Macro futures_signals::map_ref
source · macro_rules! map_ref { ($($input:tt)*) => { ... }; }
Expand description
The map_ref macro can be used to combine multiple Signals together:
let mutable1 = Mutable::new(1);
let mutable2 = Mutable::new(2);
let output = map_ref! {
let value1 = mutable1.signal(),
let value2 = mutable2.signal() =>
*value1 + *value2
};In the above example, map_ref takes two input Signals: mutable1.signal() and mutable2.signal(),
and it returns an output Signal.
When the output Signal is spawned:
-
It takes the current value of
mutable1.signal()and puts it into thevalue1variable. -
It takes the current value of
mutable2.signal()and puts it into thevalue2variable. -
Then it runs the
*value1 + *value2code, and puts the result of that code into the output Signal. -
Whenever
mutable1.signal()ormutable2.signal()changes it repeats the above steps.
So the end result is that output always contains the value of mutable1 + mutable2.
So in the above example, output will have the value 3 (because it’s 1 + 2).
But let’s say that mutable1 changes…
mutable1.set(5);…then output will now have the value 7 (because it’s 5 + 2). And then if mutable2 changes…
mutable2.set(10);…then output will now have the value 15 (because it’s 5 + 10).
If multiple input Signals change at the same time, then it will only update once:
mutable1.set(15);
mutable2.set(20);In the above example, output will now have the value 35 (because it’s 15 + 20), and it only
updates once (not once per input Signal).
There is also a shorthand syntax:
let output = map_ref!(signal1, signal2 => *signal1 + *signal2);The above code is exactly the same as this:
let output = map_ref! {
let signal1 = signal1,
let signal2 = signal2 =>
*signal1 + *signal2
};This only works if the input Signals are variables. If you want to use expressions for the input Signals then you must either assign them to variables first, or you must use the longer syntax.
In addition, it’s possible to use pattern matching with the longer syntax:
let output = map_ref! {
let (t1, t2) = signal1,
let SomeStruct { foo } = signal2 =>
// ...
};It’s also possible to combine more than two Signals:
let output = map_ref! {
let value1 = mutable1.signal(),
let value2 = mutable2.signal(),
let value3 = mutable3.signal() =>
*value1 + *value2 + *value3
};You can combine an infinite number of Signals, there is no limit.

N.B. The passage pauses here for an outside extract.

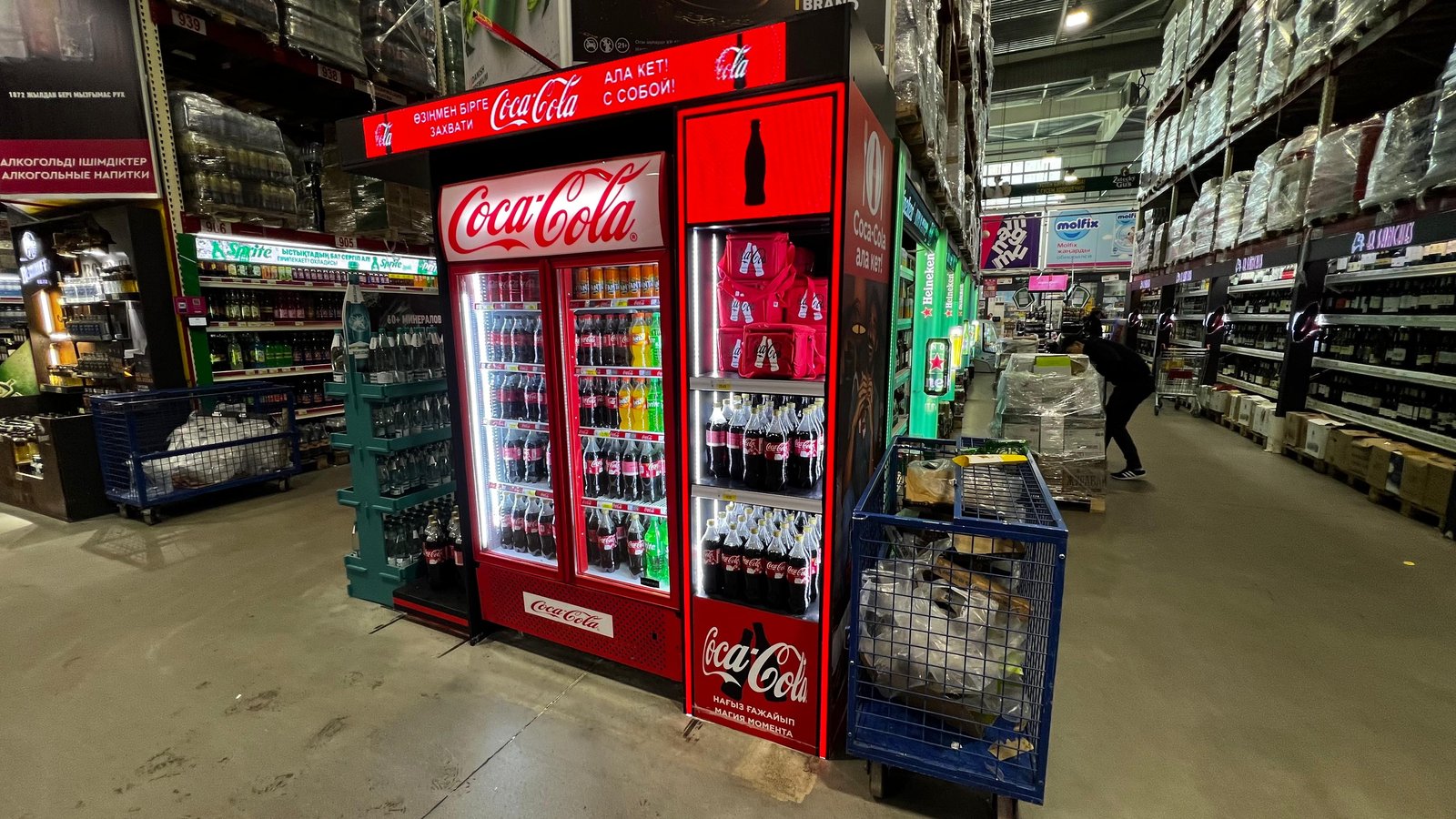 Торец с двумя холодильниками Coca-Cola и светящейся вывеской в магазине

However, keep in mind that each input Signal has a small performance cost. The cost is very small, but it grows linearly with the number of input Signals.

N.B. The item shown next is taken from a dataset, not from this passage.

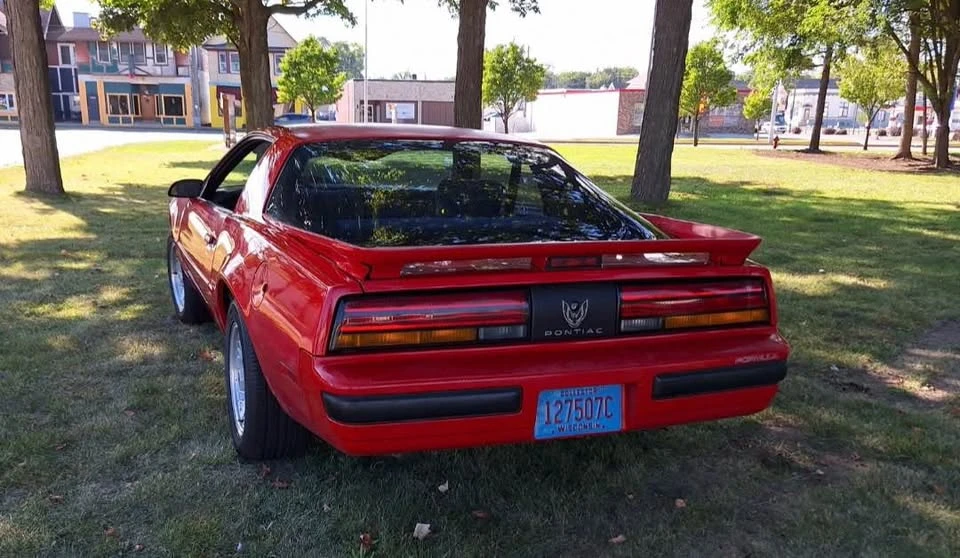 1989 Pontiac Firebird Formula 3rd Gen - Image 2 of 13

You shouldn’t normally worry about it, just don’t put thousands of input Signals
into a map_ref (this basically never happens in practice).
You might be wondering why it’s called map_ref: that’s because value1 and value2 are immutable & references
to the current values of the input Signals. That’s also why you need to use *value1 and *value2 to dereference them.
Why does it use references? Let’s say one of the input Signals changes but the other ones haven’t changed. In that situation it needs to use the old values for the Signals that didn’t change. But because that situation might happen multiple times, it needs to retain ownership of the values, so it can only give out references.
Rather than giving out references, it could instead have been designed so it always
clones the values, but that’s expensive
(and it means that it only works with types that implement Clone).
Because clone only requires an immutable
reference, it’s easy to call clone yourself
when you need to:
let output = map_ref! {
let value1 = mutable1.signal(),
let value2 = mutable2.signal() =>
value1.clone() + value2.clone()
};So because it gives references, you can now manually call clone
(or any other &self method) only when you need to. This improves performance.
Performance
Everything is stack allocated, there are no heap allocations, performance is optimal.
Because it must poll all of the input Signals, the performance is proportional to the number of Signals. However, polling is very fast.